Akan tetapi ujar Al-Bustomi, jika ada orang yang bisa melakukan perkara di luar logika jangan langsung percaya atau takjub kepadanya. Lihat dulu bagaimana cara dia melaksanakan syariat-syariat Islam, apakah ia melakukannya dengan benar? Karena di tahun-tahun sebelumnya, banyak sekali penipuan-penipuan berkedok karamah menggandakan uang. Padahal orang itu dapat menambahkan uang dengan membawa kantong di balik jubahnya.
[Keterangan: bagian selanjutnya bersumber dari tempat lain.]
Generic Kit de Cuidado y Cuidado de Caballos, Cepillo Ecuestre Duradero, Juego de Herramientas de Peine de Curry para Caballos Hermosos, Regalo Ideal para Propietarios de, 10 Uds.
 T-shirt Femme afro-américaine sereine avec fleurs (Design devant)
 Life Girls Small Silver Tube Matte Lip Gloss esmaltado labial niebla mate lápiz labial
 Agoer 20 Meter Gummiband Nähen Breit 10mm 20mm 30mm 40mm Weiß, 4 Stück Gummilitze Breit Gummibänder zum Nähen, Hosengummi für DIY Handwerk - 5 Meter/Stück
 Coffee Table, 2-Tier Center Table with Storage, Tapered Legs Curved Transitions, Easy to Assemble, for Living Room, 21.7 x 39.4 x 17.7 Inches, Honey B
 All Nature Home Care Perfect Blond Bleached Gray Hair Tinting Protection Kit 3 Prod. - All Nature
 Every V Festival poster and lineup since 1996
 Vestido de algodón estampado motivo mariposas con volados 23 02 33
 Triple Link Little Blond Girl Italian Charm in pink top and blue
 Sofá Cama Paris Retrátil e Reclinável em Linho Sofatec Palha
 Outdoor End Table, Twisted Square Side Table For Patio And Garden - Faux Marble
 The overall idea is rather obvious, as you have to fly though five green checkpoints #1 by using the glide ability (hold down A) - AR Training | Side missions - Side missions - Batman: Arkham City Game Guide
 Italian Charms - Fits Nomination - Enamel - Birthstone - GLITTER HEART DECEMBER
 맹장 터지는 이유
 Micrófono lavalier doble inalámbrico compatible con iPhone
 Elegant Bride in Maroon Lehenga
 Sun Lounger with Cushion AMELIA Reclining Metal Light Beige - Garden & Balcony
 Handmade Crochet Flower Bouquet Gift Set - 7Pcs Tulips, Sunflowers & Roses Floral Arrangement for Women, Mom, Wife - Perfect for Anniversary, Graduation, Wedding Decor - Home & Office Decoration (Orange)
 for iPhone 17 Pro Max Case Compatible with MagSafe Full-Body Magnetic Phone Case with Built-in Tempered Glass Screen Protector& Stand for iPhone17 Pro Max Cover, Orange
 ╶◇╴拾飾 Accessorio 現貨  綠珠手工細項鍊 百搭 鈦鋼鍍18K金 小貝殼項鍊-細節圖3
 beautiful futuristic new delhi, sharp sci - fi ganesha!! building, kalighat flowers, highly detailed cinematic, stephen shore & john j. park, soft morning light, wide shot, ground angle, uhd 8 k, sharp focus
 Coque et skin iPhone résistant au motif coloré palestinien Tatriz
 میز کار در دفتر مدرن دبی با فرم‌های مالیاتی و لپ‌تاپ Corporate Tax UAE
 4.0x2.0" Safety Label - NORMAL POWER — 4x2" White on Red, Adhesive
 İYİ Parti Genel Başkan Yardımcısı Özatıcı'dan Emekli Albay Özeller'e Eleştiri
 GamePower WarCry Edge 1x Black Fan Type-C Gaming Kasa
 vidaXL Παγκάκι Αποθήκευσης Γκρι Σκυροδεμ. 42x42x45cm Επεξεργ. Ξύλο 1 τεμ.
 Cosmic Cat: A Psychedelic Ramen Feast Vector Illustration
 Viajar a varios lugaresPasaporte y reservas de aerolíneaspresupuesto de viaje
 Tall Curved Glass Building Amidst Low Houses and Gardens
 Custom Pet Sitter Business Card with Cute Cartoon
Sebaiknya kita tidak mudah takjub kepada orang yang memiliki karamah, seperti mengambil uang dari saku yang sebelumnya kosong. Namun lebih baik kita takjub kepada orang yang sebelumnya memiliki uang di saku, dan saat ingin mengambilnya uang itu tidak ada, tapi sikapnya tidak marah ataupun panik.
Hakikat Manusia Mulia
Ada sebuah cerita dari seorang ulama yang mana seorang santri bertanya kepadanya, “Tuanku, engkau sangat hebat, karena bisa berjalan di atas air.” Akan tetapi ulama tersebut menanggapinya dengan biasa, “itu bukan apa-apa, sebatang kayupun bisa melakukannya.” Lantas sang santri menyebutkan kehebatan lainnya, “Tapi engkau juga bisa pergi ke Mekkah dalam satu detik.” Kemudian ulama tersebut menanggapi masih dengan cara yang sama, “Setiap jin dan setan mampu bepergian dari ujung Selatan ke utara dalam waktu satu detik.”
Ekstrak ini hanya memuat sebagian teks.